Se poi non fosse così e fosse stato
invece quest’ultimo a dare una falsa motivazione della libertà da lui concessa
ai terroristi talebani, a maggior ragione toccherebbe al governo italiano
ricostruire lo svolgimento dei fatti, senza eludere il confronto parlamentare.
In democrazia sono gli esecutivi a far da apparato servente ai parlamenti e non
viceversa.
Molto opportunamente Silvio
Berlusconi, per attenuare alcuni toni esagitati, ha evocato onore e carità di patria. Ma pesano
sulla nostra politica in Afghanistan ombre e ambiguità che all’onore della
patria non giovano affatto. Quella di Strada è organizzazione non governativa:
del ruolo che le è stato conferito e del perché le è stato conferito non può
che rispondere il potere esecutivo. Ogni analogia col precedente operato della
Croce Rossa di Scelli in Iraq sarebbe fuorviante, o peggio ricattatoria.
C’era entusiasmo per Mastrogiacomo
tornato in Italia. C’era Gino Strada impegnatissimo nella propria
autocelebrazione. Lo sfortunato presidente Bertinotti ebbe a parlare di
“diplomazia dei movimenti”. Mai formula, nel giro soltanto di una quindicina di
giorni, si sarebbe rivelata più infelice.
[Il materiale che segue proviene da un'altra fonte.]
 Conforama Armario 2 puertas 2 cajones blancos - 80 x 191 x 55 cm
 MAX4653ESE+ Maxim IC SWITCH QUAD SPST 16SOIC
C’era una volta, nelle facoltà di scienze politiche la storia dei
trattati e politica internazionale. Era materia gloriosa e polverosa, sapeva di
archivi di cancellerie, dove tutto rientrava sotto “Alti patronati” (anche
quando a trattare erano stati banchieri e faccendieri, sultani e guerriglieri
non riconducibili a sovranità di stati). Poi a tale disciplina subentrò quella
di relazioni internazionali, con più politologia e tanta attenzione ai rapporti
multilaterali e alle convergenze fra statualità ancora incerte, con professori
come Aron e Kissinger, i quali all’”impero” americano amavano legare le vecchie
storie di “legittimità” in Europa dei Talleyrand e dei Metternich.
Oggi il mondo globalizzato,
pronostica Bertinotti, dovrebbe inerpicarsi sulle strade della “diplomazia dei
movimenti”. Sono strade che in fondo non dispiacciono a D’Alema, perché consentono
di incontrare talebani che avrebbero diritto a negoziar la pace in Afghanistan,
uomini di Hamas che avrebbero quello di non riconoscere Israele e terroristi
Hezbollah quello di rappresentare la
Siria e l’Iran in Libano. Se pure per Prodi tali strade vanno
percorse, il Parlamento ha pieno diritto di apprenderlo, senza che il governo
della Repubblica si vittimizzi di uno “sciacallaggio” che è soltanto esercizio
del diritto – dovere di opposizione in un Parlamento che nell’arco di tutta la
vicenda è parso scavalcato da “Porta a porta”, da Emergency, dalla diplomazia
dei movimenti, dal suo stesso presidente Bertinotti. Come se onore e carità di
patria abitassero dovunque, tranne che alle Camere. (L.C.)